2. Use cloud-hosted software.

Hopefully by now, most of your systems are already in the cloud. Cloud-hosted software is accessible anywhere at any time–provided
you have the credentials and an internet connection. This means all of
your employees will have mutual access to the same files, the same
project documents, and the same communication threads as everyone
else–no matter what device they’re using or where they’ve set up shop
for the day.

3. Set clear expectations.

One of your
most important strategies will be setting clear expectations from the
beginning. Let your employees know things like the chain of command,
proper procedures for uploading finished work, approvals processes, and
how you expect goals to be reached. This will help keep everyone on the
same page and thinking together like a team with a unified goal.

4. Set clear communication standards.

You’ll also want to set clear communication standards for your team to use.
For example, if you use project management software, should all of your
team’s discussion stay relegated to the appropriate project within the
software? Or should they use instant messaging for the discussion, and
the project management software to document key points of interest?
Don’t wait to establish these standards; be proactive here.

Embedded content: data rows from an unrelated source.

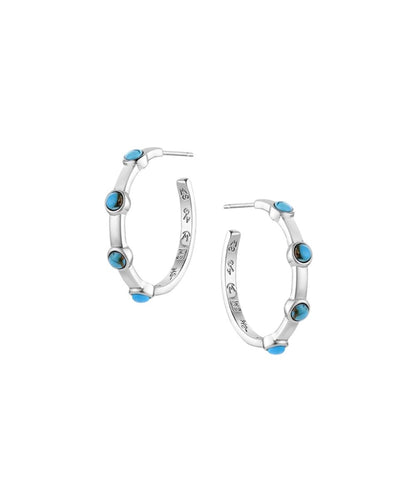 Women's Silver Hoop Earrings With Crafted Turquoise Stone Accents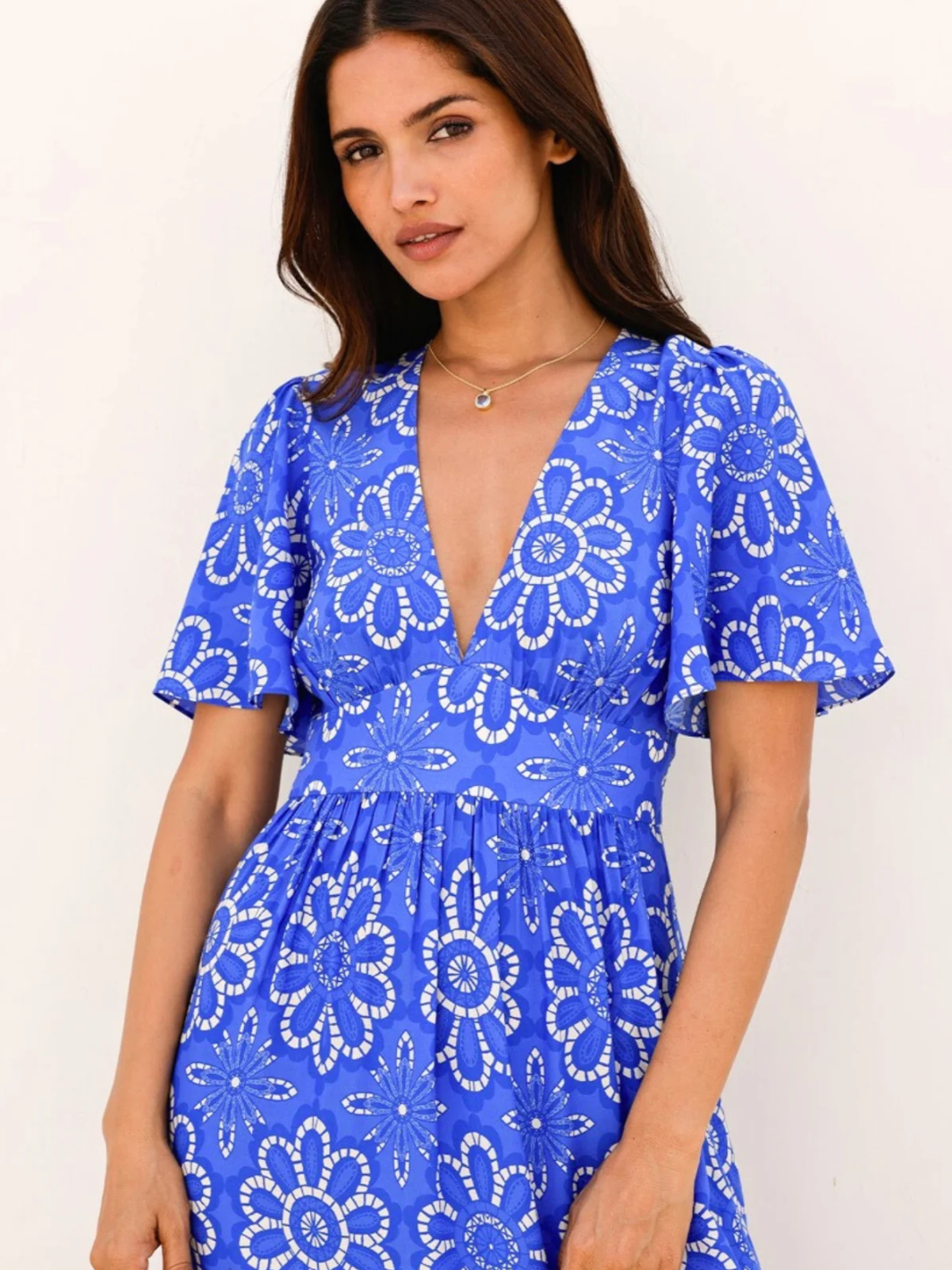 Aspiga Dress Sylvie EcoVero Dress in Lace Floral Cobalt/White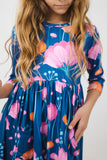 Poppies 3/4 Sleeve Pocket Twirl Dress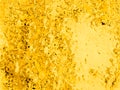 Gold chromium liquid background, circle bubble particle backdrop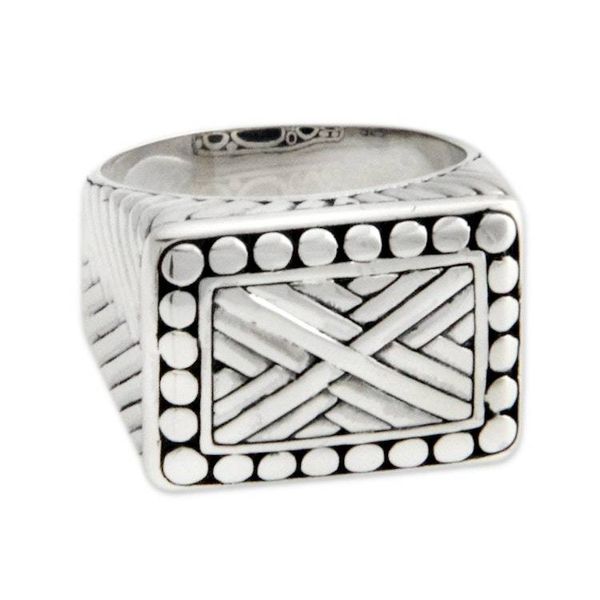 Alternate image for Mens Handcrafted Sterling Silver Signet Ring Ancient Fortress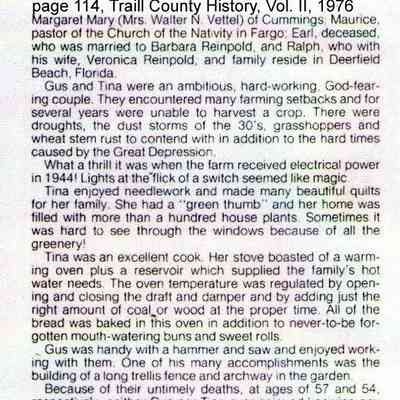 Traill County History "Yesteryears", 1976, Vol. II: August Müller (Mueller) family, page 114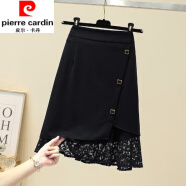 皮尔卡丹（pierre cardin）今流行子女装夏季新款蕾丝不规则鱼尾半身裙薄款潮 黑色 L(建议95-120斤)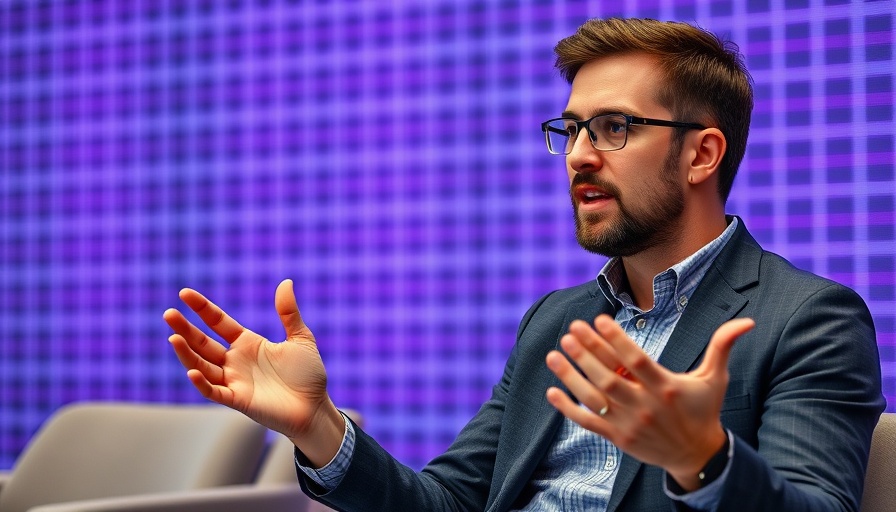 Man speaking at a modern conference in a purple and blue setting.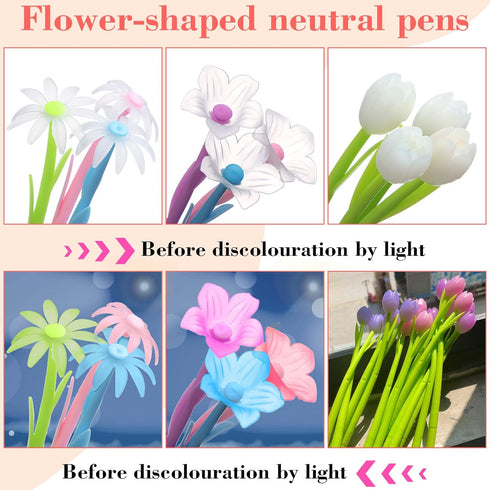 Fulmoon 60 Pcs Color Changing Flower Pens - Cherry Blossom, Tulip, Daisy, and Daffodils Cute Gel Ink Pens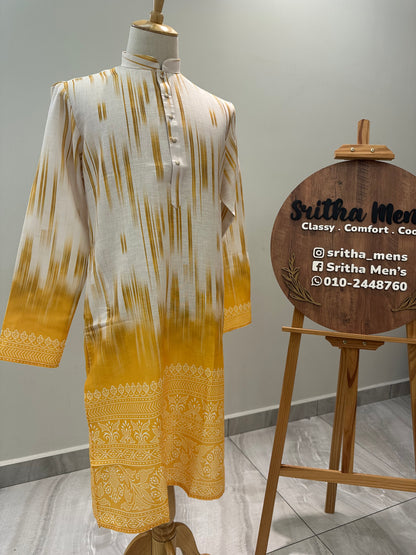 SM0825-01-07 Dual Tone Yellow & Beige Cotton Kurta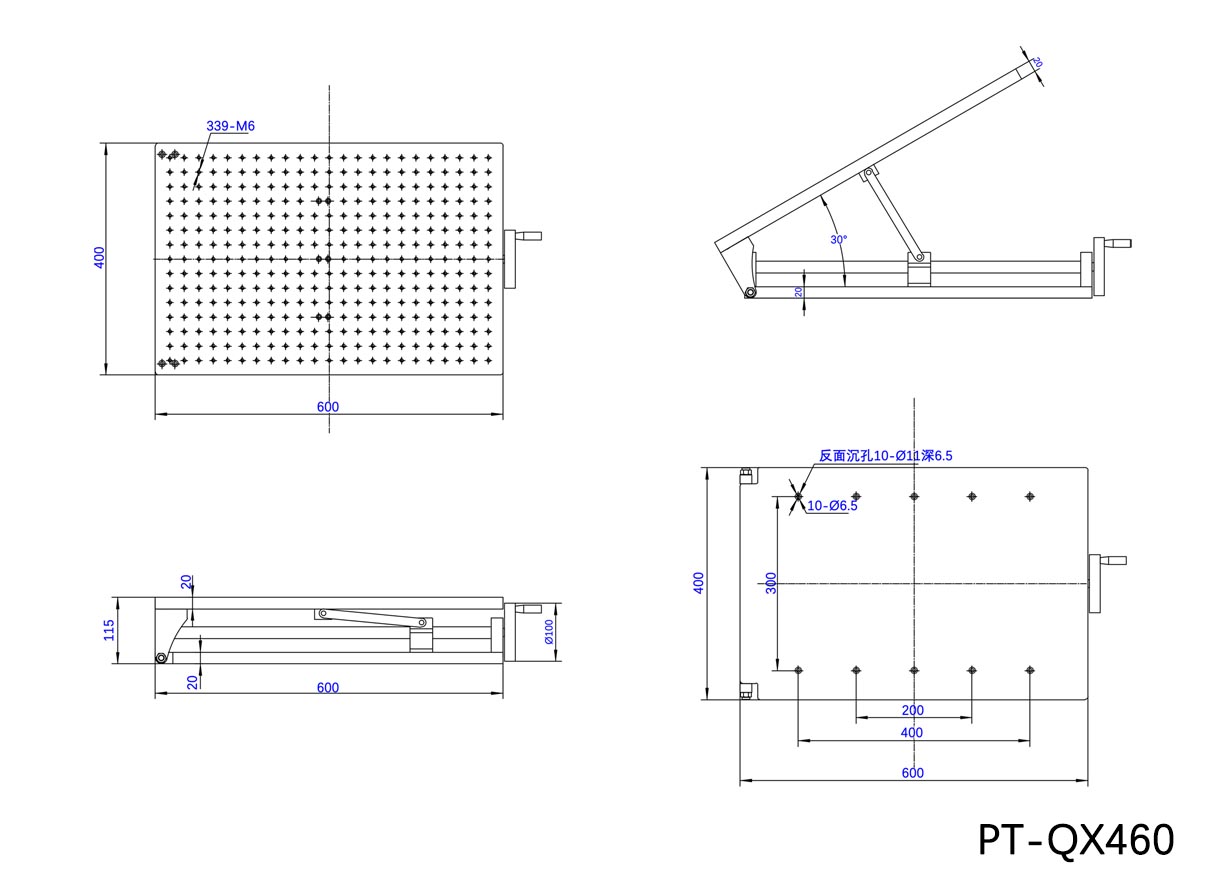 Manual tilt angle adjustment platform for the table PT-QX460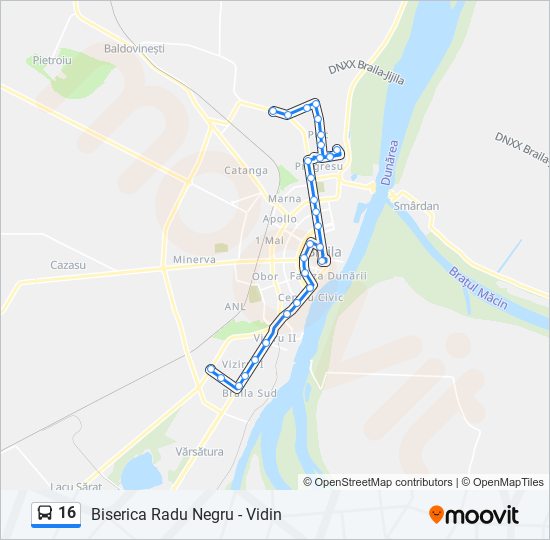 16 bus Line Map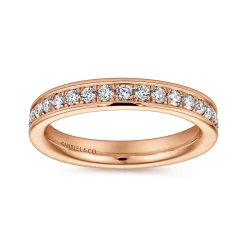 Best Gabriel & Co. Romana - 14K Rose Gold Channel Set Diamond Eternity Band - 0.7 ct
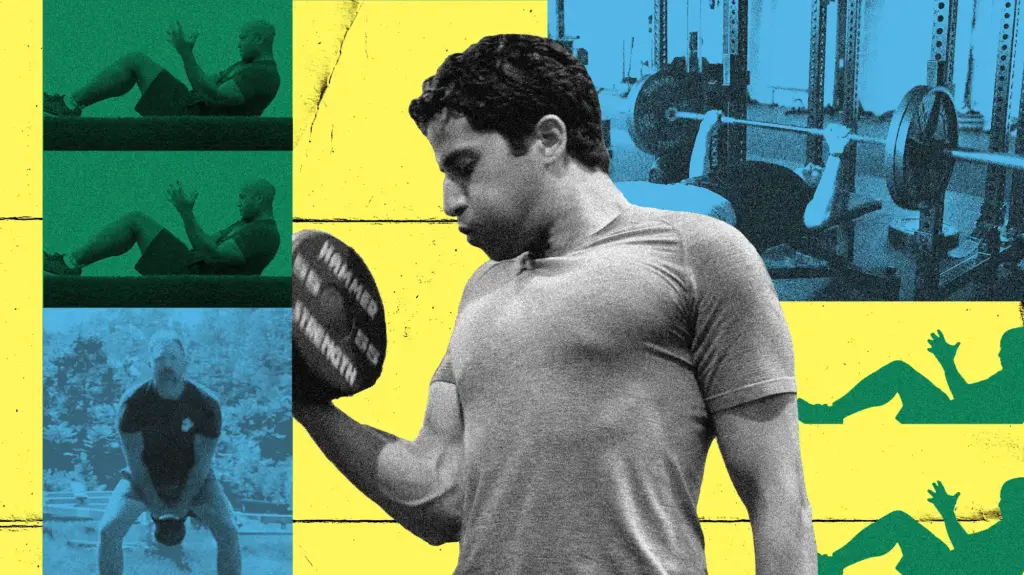 A man curls a dumbbell labeled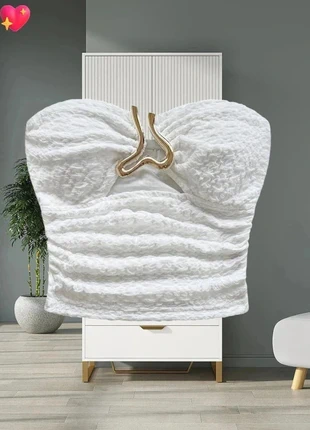 Top bandeau blanc court mignon avec détails métallique doré taille S (ref 66), brand: ELEGANTE, condition: New without tags, size: S / 36 / 8, €13.00, €14.35 includes Buyer Protection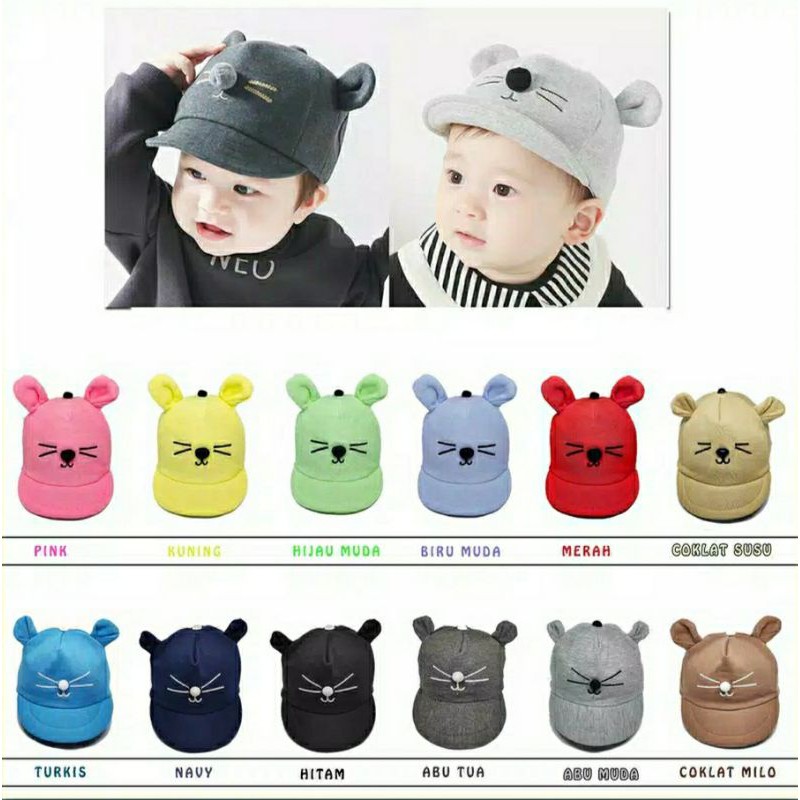 Topi Bayi Lucu / Topi Bayi Karakter Kucing / Baby Hat / Topi pompom [ Bunda Altaf ]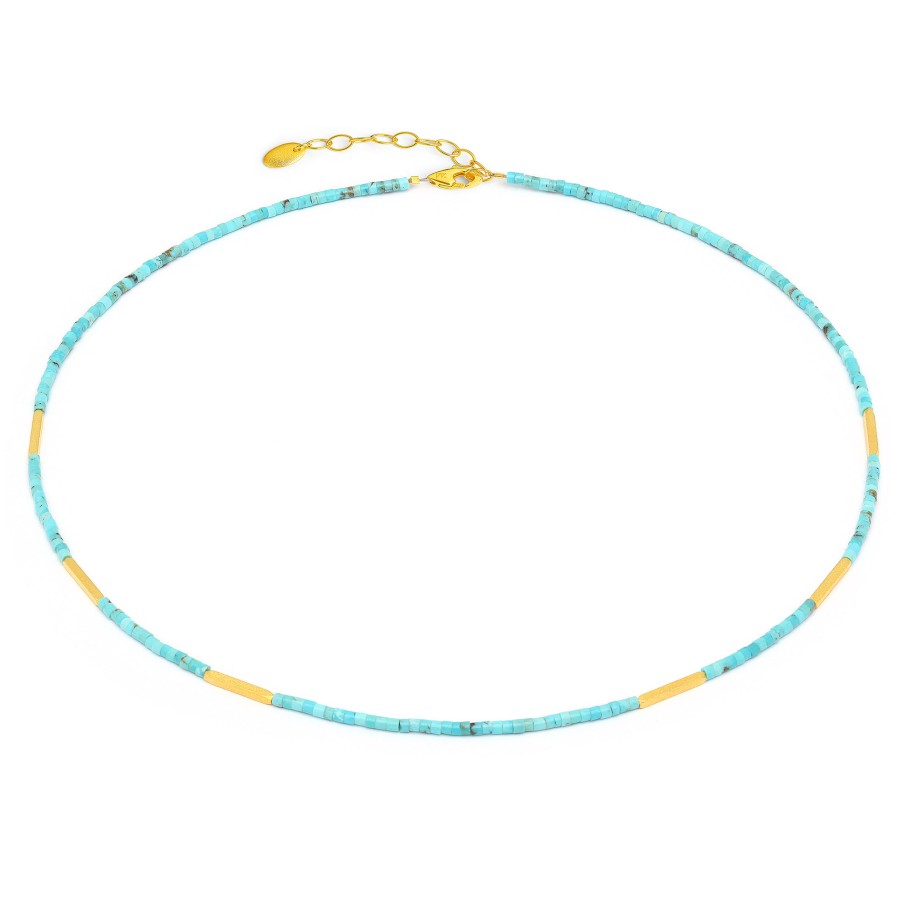 BERND WOLF Waina Halskette mit blauem Türkis 24 Karat goldplattiert – 85724256-043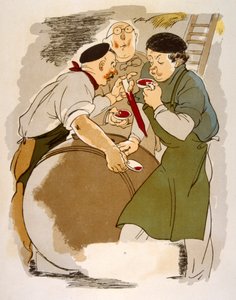 幽默的葡萄酒插画 1946.Julien Pavil 插画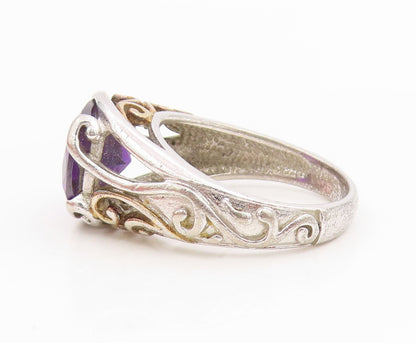 925 Sterling Silver Vintage Ring Faceted Amethyst Openwork Band  Sz 8  RG34884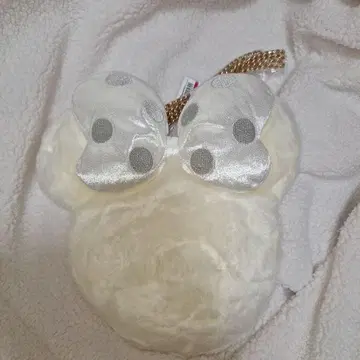 미키 모양 화이트 인조 모피 숄더백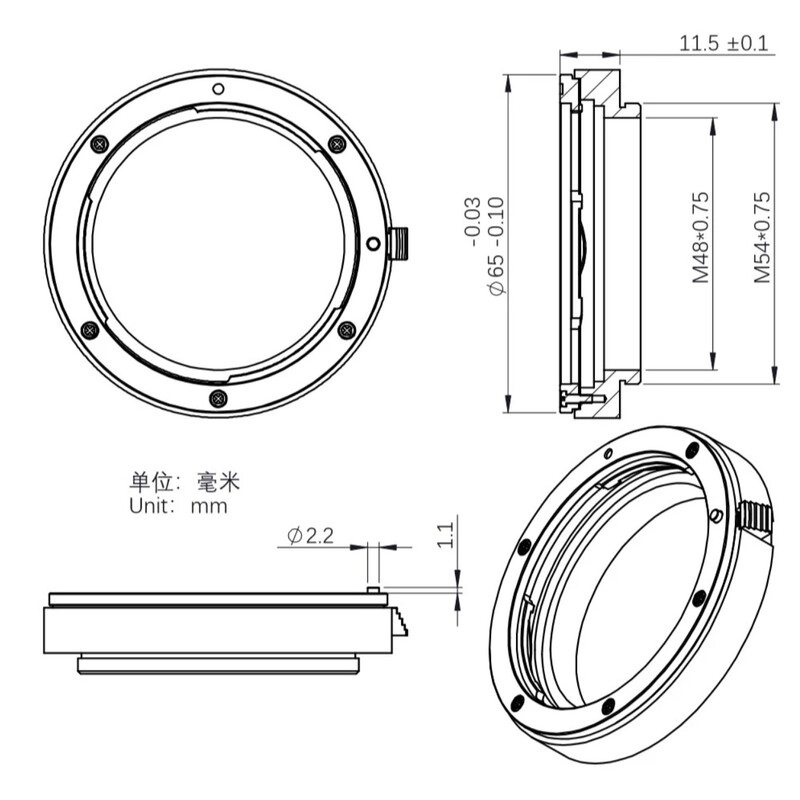 ZWO Adaptadores lentes DSLR Canon EOS / EFW 2"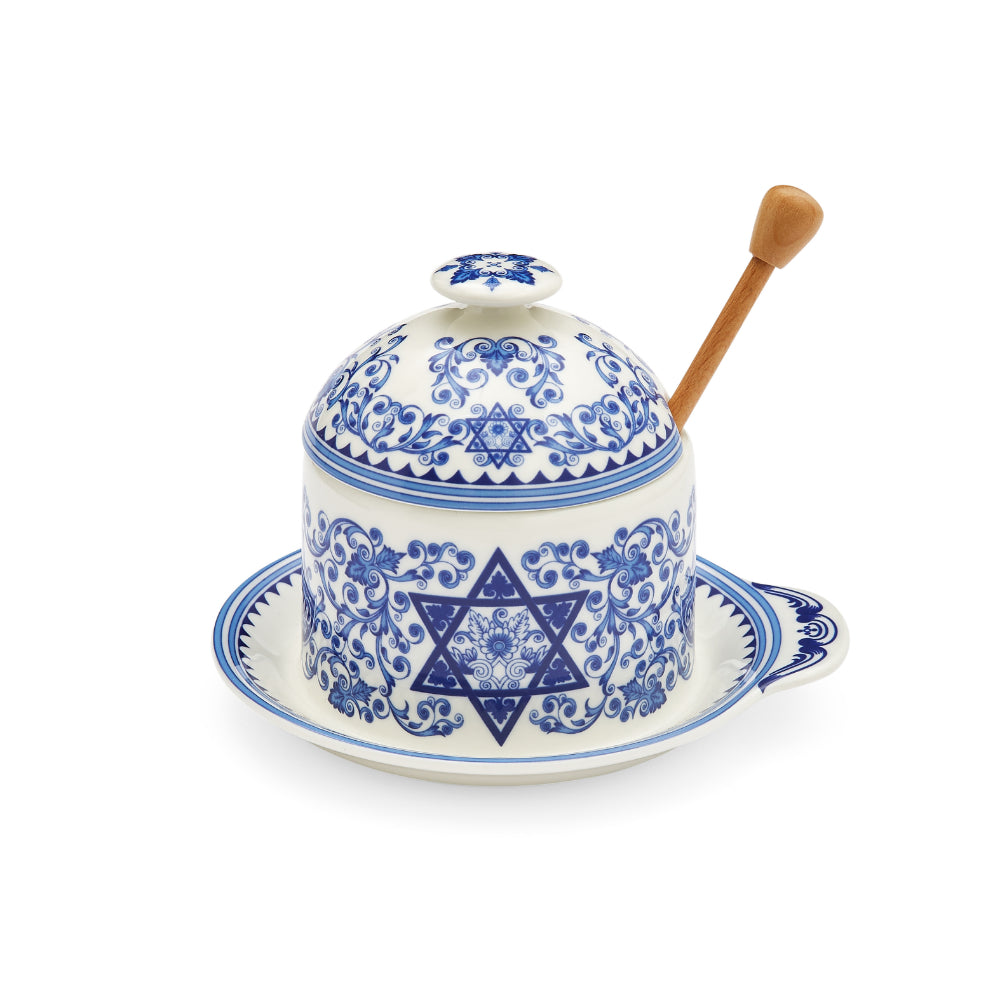 Spode Judaica Honey Pot with Drizzler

5. Appoint key leadership positions.

A
team is only as good as its leader. While you may serve as the overall
team leader, you’ll also need to appoint key positions of leadership
among your teammates. For example, who has the last say on content
getting published to your site? Who’s ultimately responsible for various
projects hitting their deadlines? Establishing some kind of hierarchy
will help keep all your workers in line.

6. Document your workflows.

It’s also beneficial to formally document all your workflows.
Setting clear expectations, proactively, will go a long way in making
sure your team stays working together and following the same procedures,
but having a documented reference source will prevent those standards
from evolving in new directions over time (it will also help solve any
disputes that may arise within the team).

7. Set both individual and group goals.

Finally,
you’ll want to set goals on both an individual and group level.
Obviously, you want your employees to work together, so you need a
group-centric focal point to unite them, but you also want to cater to
the strengths of each individual with more specific, employee-centric
milestones.

Complicating Matters

As if SEO and team
coordination weren’t complicated enough, there are even more factors
that could cause headaches for your business. For starters, not all your
team members may be full-timers. You may also have independent
contractors, interns, and/or remote workers all pouring in their efforts
simultaneously. You may also have staffing changes, delegation, and
overlapping responsibilities to contend with.

The truth is, coordinating your SEO team will never be easy or straightforward, but it will make more sense when you commit to improving your approach.
As long as you keep refining your methods and learning from your past
mistakes, you’ll keep improving, and you’ll eventually end up with a
stable system that keeps your workers happy and your results consistent.